Advanced dynamic seq2seq with TensorFlow

Encoder is bidirectional now. Decoder is implemented using tf.nn.raw_rnn. It feeds previously generated tokens during training as inputs, instead of target sequence.

UPDATE (16.02.2017): I learned some things after I wrote this tutorial. In particular:

  • [DONE] Replacing projection (one-hot encoding followed by linear layer) with embedding (indexing weights of linear layer directly) is more efficient.
  • When decoding, feeding previously generated tokens as inputs adds robustness to model's errors. However feeding ground truth speeds up training. Apperantly best practice is to mix both randomly when training.

I will update tutorial to reflect this at some point.


In [1]:
import numpy as np
import tensorflow as tf
import helpers

tf.reset_default_graph()
sess = tf.InteractiveSession()

In [2]:
tf.__version__


Out[2]:
'1.3.0'

In [3]:
PAD = 0
EOS = 1

vocab_size = 10
input_embedding_size = 20

encoder_hidden_units = 20
decoder_hidden_units = encoder_hidden_units * 2

In [4]:
encoder_inputs = tf.placeholder(shape=(None, None), dtype=tf.int32, name='encoder_inputs')
encoder_inputs_length = tf.placeholder(shape=(None,), dtype=tf.int32, name='encoder_inputs_length')

decoder_targets = tf.placeholder(shape=(None, None), dtype=tf.int32, name='decoder_targets')

Previously we elected to manually feed decoder_inputs to better understand what is going on. Here we implement decoder with tf.nn.raw_rnn and will construct decoder_inputs step by step in the loop.

Embeddings

Setup embeddings (see tutorial 1)


In [5]:
embeddings = tf.Variable(tf.random_uniform([vocab_size, input_embedding_size], -1.0, 1.0), dtype=tf.float32)

encoder_inputs_embedded = tf.nn.embedding_lookup(embeddings, encoder_inputs)

Encoder

We are replacing unidirectional tf.nn.dynamic_rnn with tf.nn.bidirectional_dynamic_rnn as the encoder.


In [6]:
from tensorflow.contrib.rnn import LSTMCell, LSTMStateTuple

In [7]:
encoder_cell = LSTMCell(encoder_hidden_units)

In [8]:
((encoder_fw_outputs,
  encoder_bw_outputs),
 (encoder_fw_final_state,
  encoder_bw_final_state)) = (
    tf.nn.bidirectional_dynamic_rnn(cell_fw=encoder_cell,
                                    cell_bw=encoder_cell,
                                    inputs=encoder_inputs_embedded,
                                    sequence_length=encoder_inputs_length,
                                    dtype=tf.float32, time_major=True)
    )

In [9]:
encoder_fw_outputs


Out[9]:
<tf.Tensor 'bidirectional_rnn/fw/fw/TensorArrayStack/TensorArrayGatherV3:0' shape=(?, ?, 20) dtype=float32>

In [10]:
encoder_bw_outputs


Out[10]:
<tf.Tensor 'ReverseSequence:0' shape=(?, ?, 20) dtype=float32>

In [11]:
encoder_fw_final_state


Out[11]:
LSTMStateTuple(c=<tf.Tensor 'bidirectional_rnn/fw/fw/while/Exit_2:0' shape=(?, 20) dtype=float32>, h=<tf.Tensor 'bidirectional_rnn/fw/fw/while/Exit_3:0' shape=(?, 20) dtype=float32>)

In [12]:
encoder_bw_final_state


Out[12]:
LSTMStateTuple(c=<tf.Tensor 'bidirectional_rnn/bw/bw/while/Exit_2:0' shape=(?, 20) dtype=float32>, h=<tf.Tensor 'bidirectional_rnn/bw/bw/while/Exit_3:0' shape=(?, 20) dtype=float32>)

Have to concatenate forward and backward outputs and state.

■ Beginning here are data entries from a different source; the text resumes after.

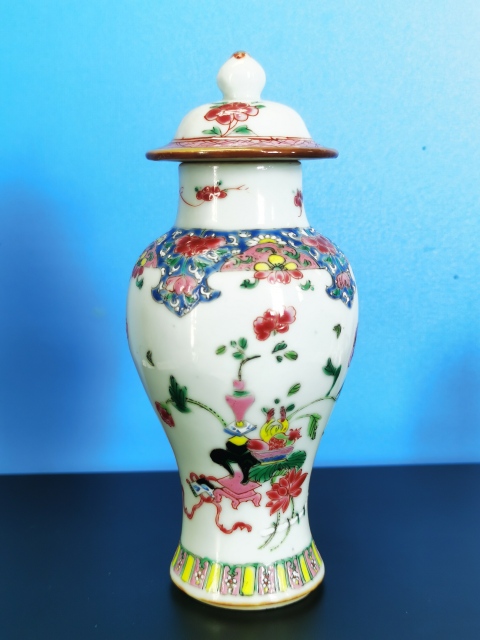 古玩陶瓷清雍正博古圖粉彩雞腿蓋瓶拍賣,當(dāng)前價格5000元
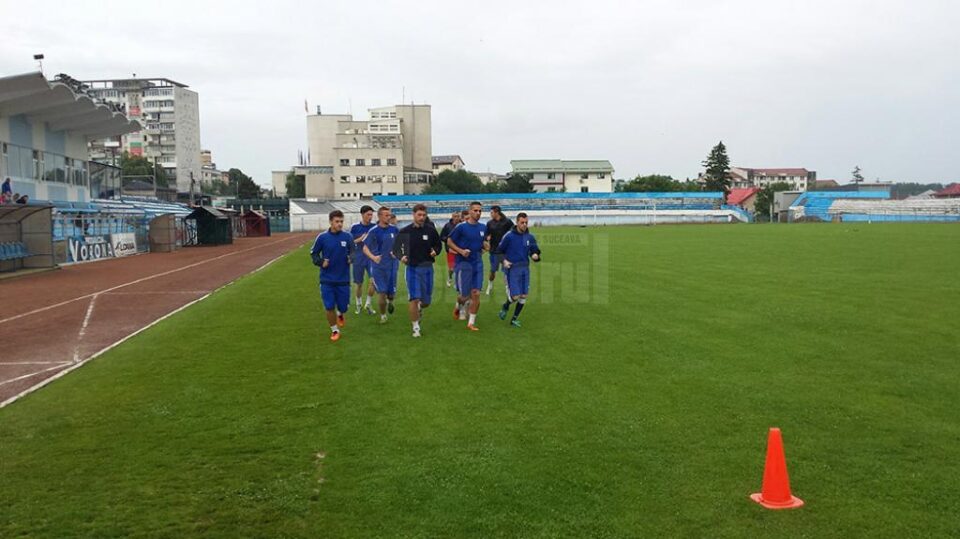 Fotbaliștii Rapidului au început primul antrenament din intersezon cu alergări ușoare Fotbaliștii Rapidului au început primul antrenament din intersezon cu alergări ușoare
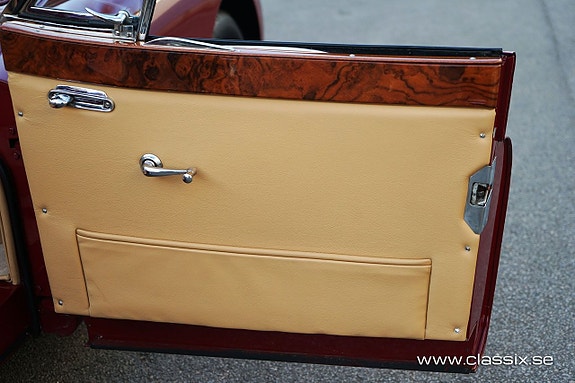 Jaguar XK140 12 of 30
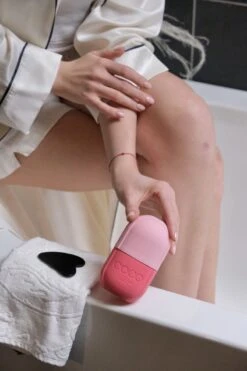 COLDCONTOUR - Skin Ice Roller Gezicht- Facial Icing- Roze - Aftersun- Cadeautip - Anti Rimpel- Ice Globes - Ijs Gezicht - Gezichtsmassage Roller - Huidverjongingsapparaat - Anti Aging- Cadeau 29 COLDCONTOUR - Skin Ice Roller Gezicht- Facial Icing- Roze - Aftersun- Cadeautip - Anti Rimpel- Ice Globes - Ijs Gezicht - Gezichtsmassage Roller - Huidverjongingsapparaat - Anti Aging- Cadeau -Verzorgingsproducten 800x1200 21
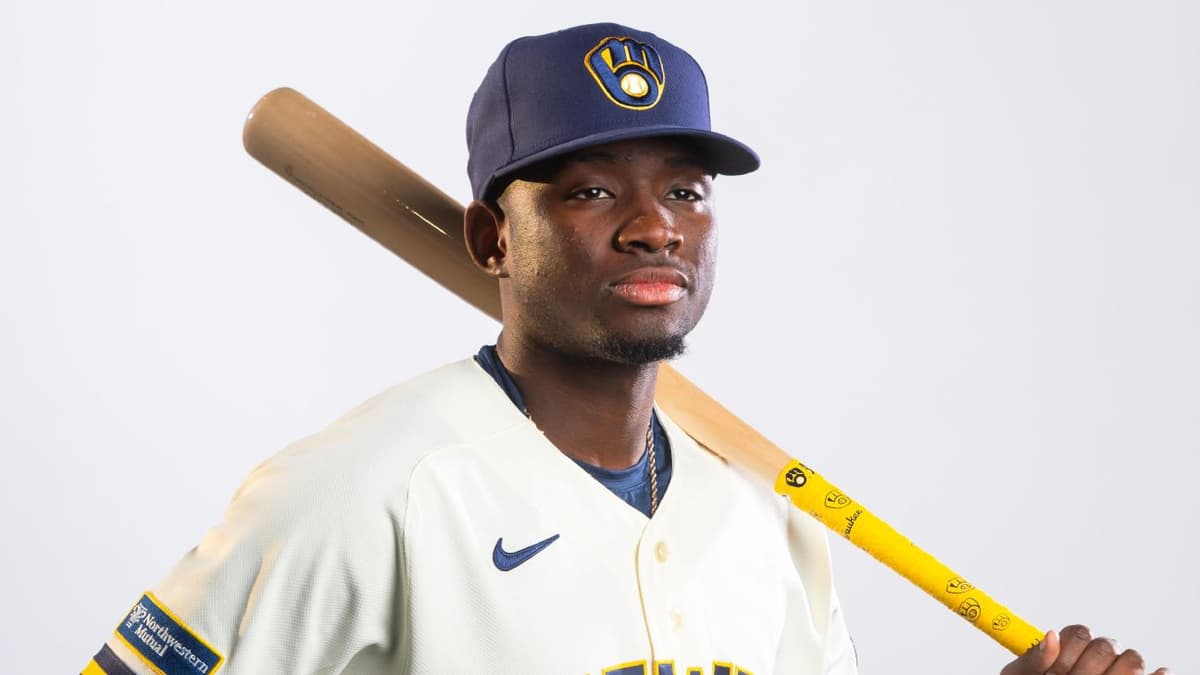 Milwaukee Brewers, Prospect Luis Lara Agree to 7-Year, $31M Extension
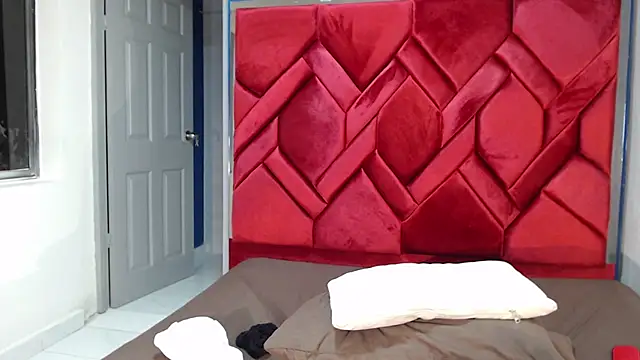 Snapshot of EvaMills1 chatting on 02-16-25, 03:05 EvaMills1 online show from 02-16-25, 03:05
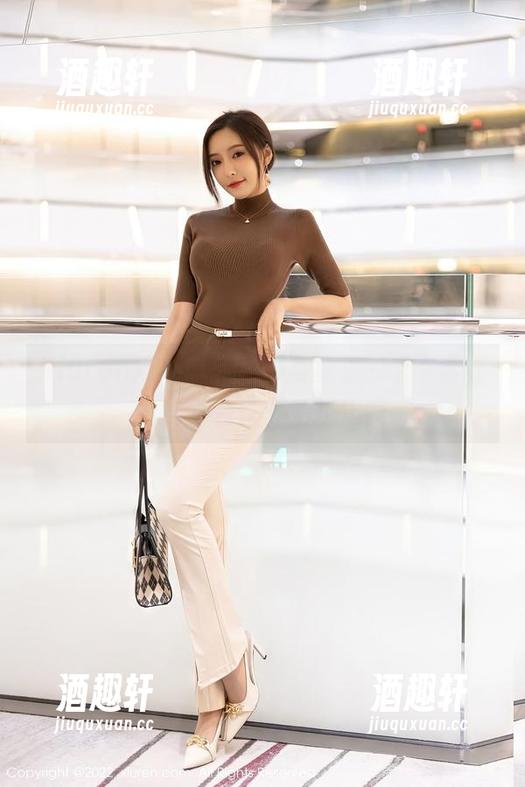 Xiuren秀人网 - 校服写真里的卡卡酱，一言不合就开始挑逗我
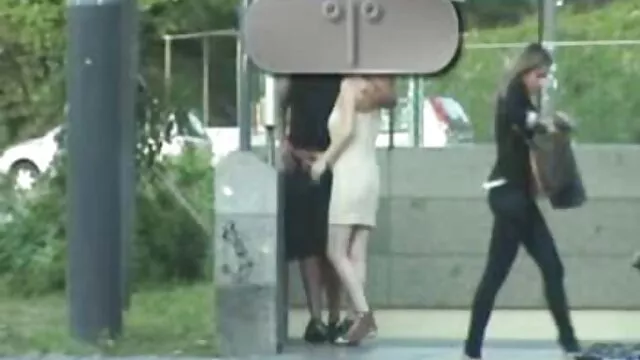 Fiam cum porno alvás közben kibaszott egy tini lány
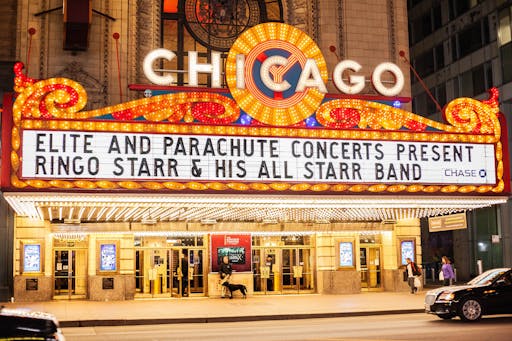 ChicagoTheatre_Go_CHI_allinc.jpg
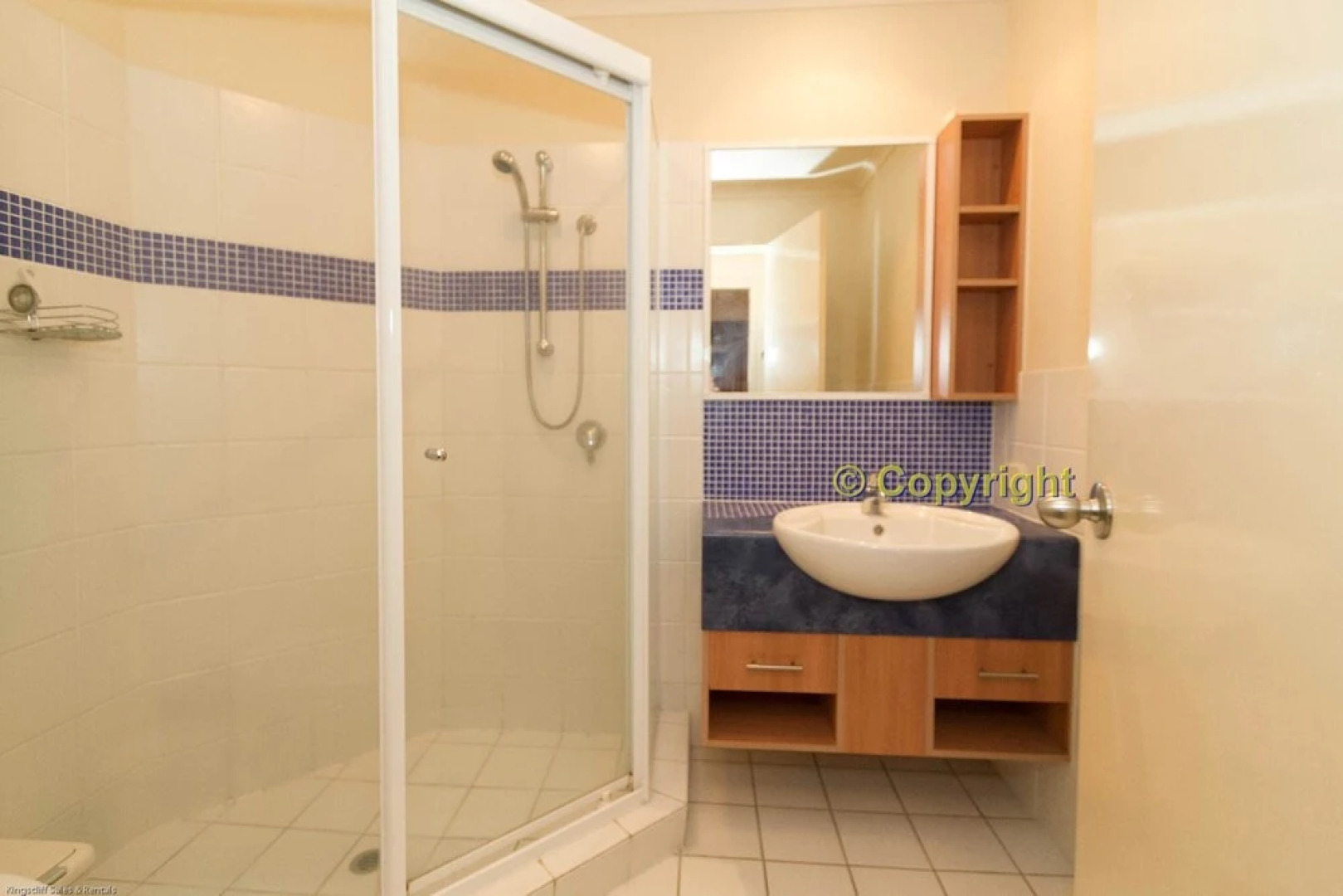 Pacific Royale Holiday Apartment 313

In this case we will not discard outputs, they would be used for attention.


In [13]:
encoder_outputs = tf.concat((encoder_fw_outputs, encoder_bw_outputs), 2)

encoder_final_state_c = tf.concat(
    (encoder_fw_final_state.c, encoder_bw_final_state.c), 1)

encoder_final_state_h = tf.concat(
    (encoder_fw_final_state.h, encoder_bw_final_state.h), 1)

encoder_final_state = LSTMStateTuple(
    c=encoder_final_state_c,
    h=encoder_final_state_h
)

Decoder


In [14]:
decoder_cell = LSTMCell(decoder_hidden_units)

Time and batch dimensions are dynamic, i.e. they can change in runtime, from batch to batch


In [15]:
encoder_max_time, batch_size = tf.unstack(tf.shape(encoder_inputs))

Next we need to decide how far to run decoder. There are several options for stopping criteria:

  • Stop after specified number of unrolling steps
  • Stop after model produced token

The choice will likely be time-dependant. In legacy translate tutorial we can see that decoder unrolls for len(encoder_input)+10 to allow for possibly longer translated sequence. Here we are doing a toy copy task, so how about we unroll decoder for len(encoder_input)+2, to allow model some room to make mistakes over 2 additional steps:


In [16]:
decoder_lengths = encoder_inputs_length + 3
# +2 additional steps, +1 leading <EOS> token for decoder inputs

Output projection

Decoder will contain manually specified by us transition step:

output(t) -> output projection(t) -> prediction(t) (argmax) -> input embedding(t+1) -> input(t+1)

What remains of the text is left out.